Passionnée d’histoire, la jeune centenaire ne rate aucune émission de télévision sur le sujet et a exploré les branches de l’arbre généalogique familial remontant au XVIe siècle. Et plus encore que le passé, c’est l’ailleurs qui l’aura attirée. Car Jacqueline Henry voyageait. Beaucoup et parfois loin. « Elle avait été marquée notamment par sa découverte de l’Égypte. Découverte, le mot est choisi : Pas forcément extravertie, sa vie d’alors était assez réglée, ses pérégrinations lui apportaient le changement, le dépaysement. » Alors elle sillonnera le monde, des États-Unis à la Chine, de l’Europe au Proche-Orient. Sans oublier l’Hexagone. « J’ai visité tous les départements de notre pays », s’amuse la vieille dame. Avec quelques petits préférés, comme le Pays basque ou la Côte-d’Azur et son arrière-pays.
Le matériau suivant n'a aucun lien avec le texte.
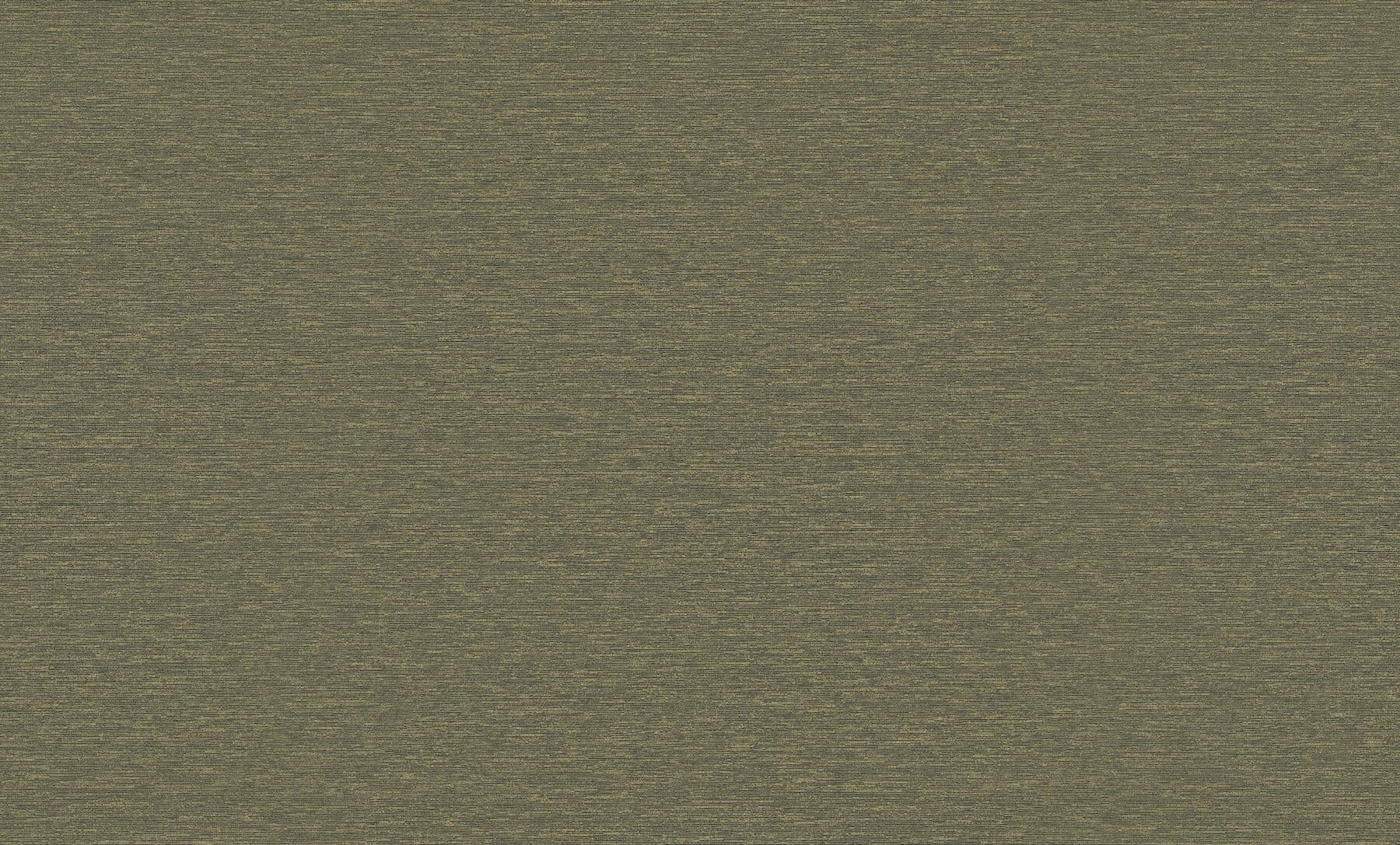 Omexco Silk
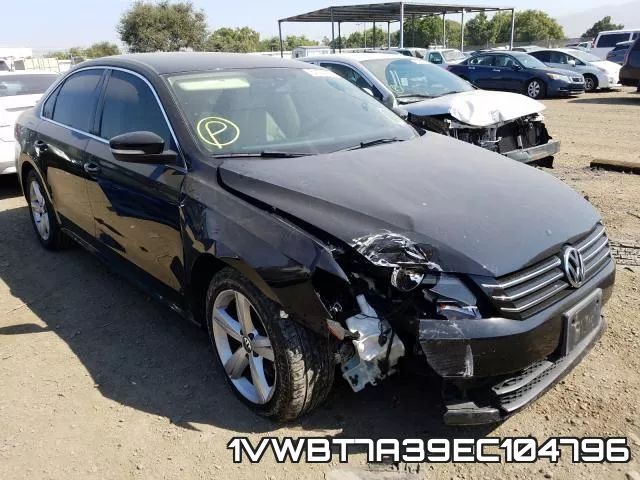 1VWBT7A39EC104796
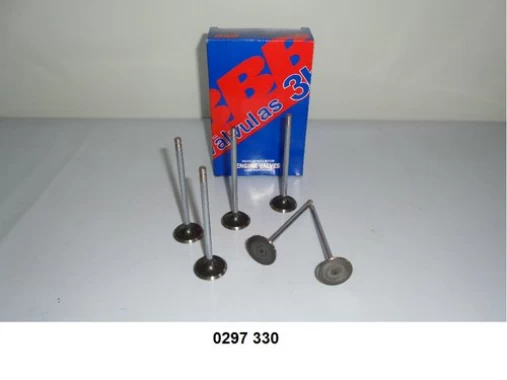 Valvula De Escape Para FORD ESCAPE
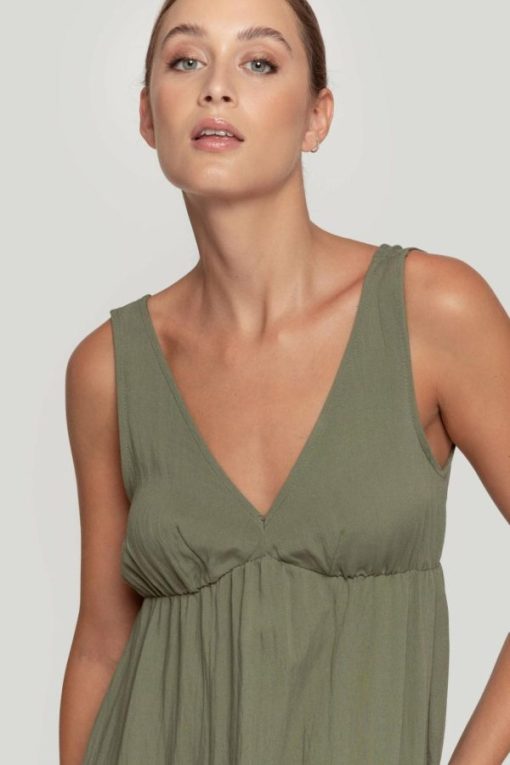 Topwearshop.shop509942d140 10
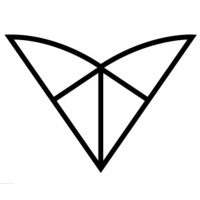 Vidlet Inc Logo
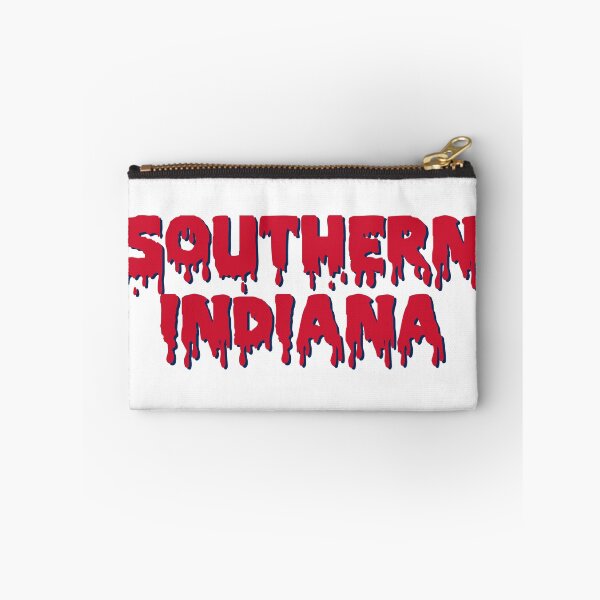 Item preview, USI University of Southern Indiana designed and sold by kkosmicki.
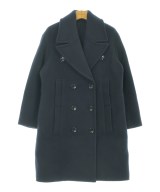 theory luxe（セオリーリュクス）その他 紺 サイズ:38(M位) レディース/2200650785014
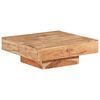 Product Thumbnail Image 9 of 10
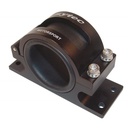 Sytec Motorsport Fuel Pump & Filter Bracket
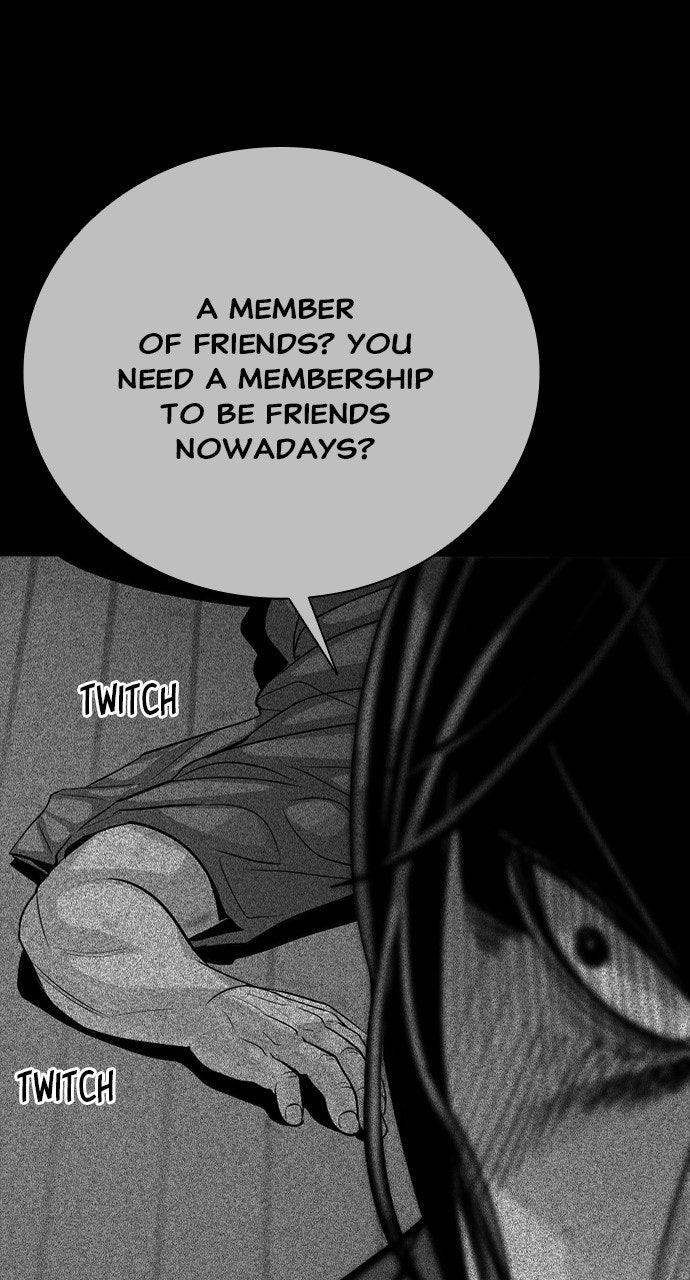 The Worst Generation Episode 10 112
Cependant, son vrai pays, c’est Argenteuil. Elle y est née et a vécu pour l’essentiel dans le pavillon de la rue Denis-Roy, construit par ses parents après leur mariage. Jacqueline en a entretenu soigneusement le jardin, et s’est passionnée pour la reliure et la tapisserie. Si elle-même n’a pas eu d’enfants, ceux de ses deux sœurs sont sa famille. Et au moment de choisir une maison de retraite, alors qu’il aurait été plus facile qu’elle se rapproche de sa nièce en la choisissant parisienne, une évidence s’est imposée à tous : Jacqueline restait à Argenteuil.